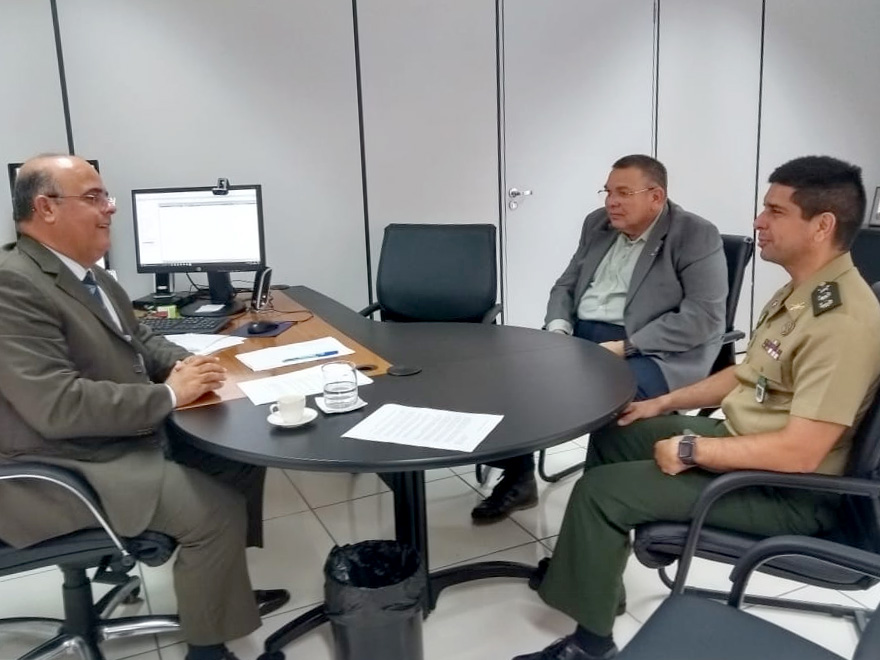 Coronel Gadelha apresentou o novo assessor de relaes institucionais do Comando Militar, coronel Joo Marques. Foto: Ascom 59 BIMtz.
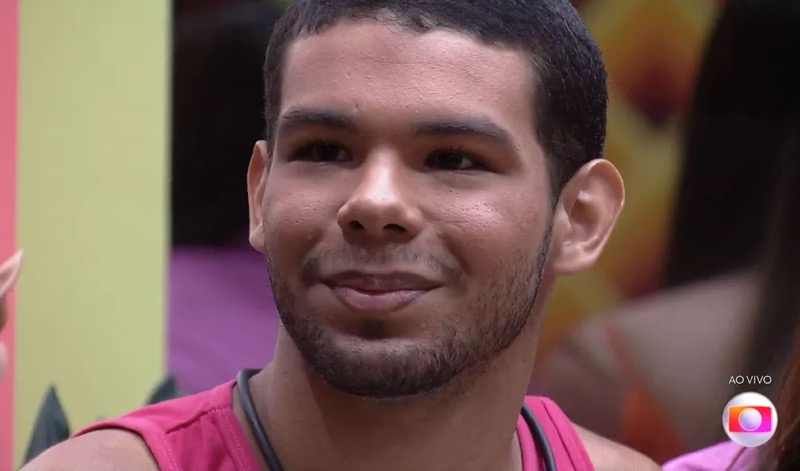 Vinicius é o oitavo eliminado no paredão do ‘BBB22’, com 55,87% dos votos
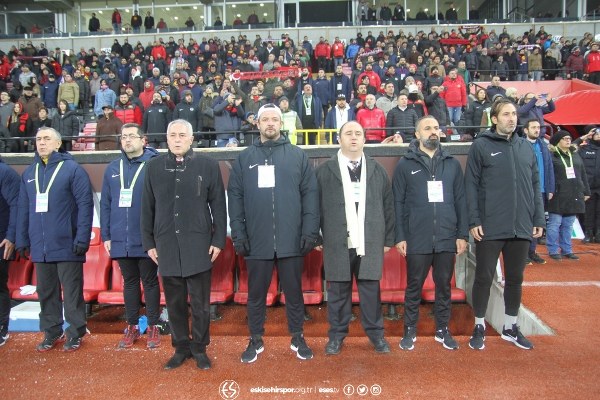 TFF 1. Lig’in 14. haftasının açılış maçında Eskişehirspor, sahasında ağırladığı Ümraniyespor’u 3-1 mağlup etti.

▶ **INSTRUCTIONS FOR THE TASK**:
Go through the listing above and retype it exactly, skipping every picture.

▶ **EXPECTED ANSWER**:
 Coronel Gadelha apresentou o novo assessor de relaes institucionais do Comando Militar, coronel Joo Marques. Foto: Ascom 59 BIMtz.
 Vinicius é o oitavo eliminado no paredão do ‘BBB22’, com 55,87% dos votos
 TFF 1. Lig’in 14. haftasının açılış maçında Eskişehirspor, sahasında ağırladığı Ümraniyespor’u 3-1 mağlup etti.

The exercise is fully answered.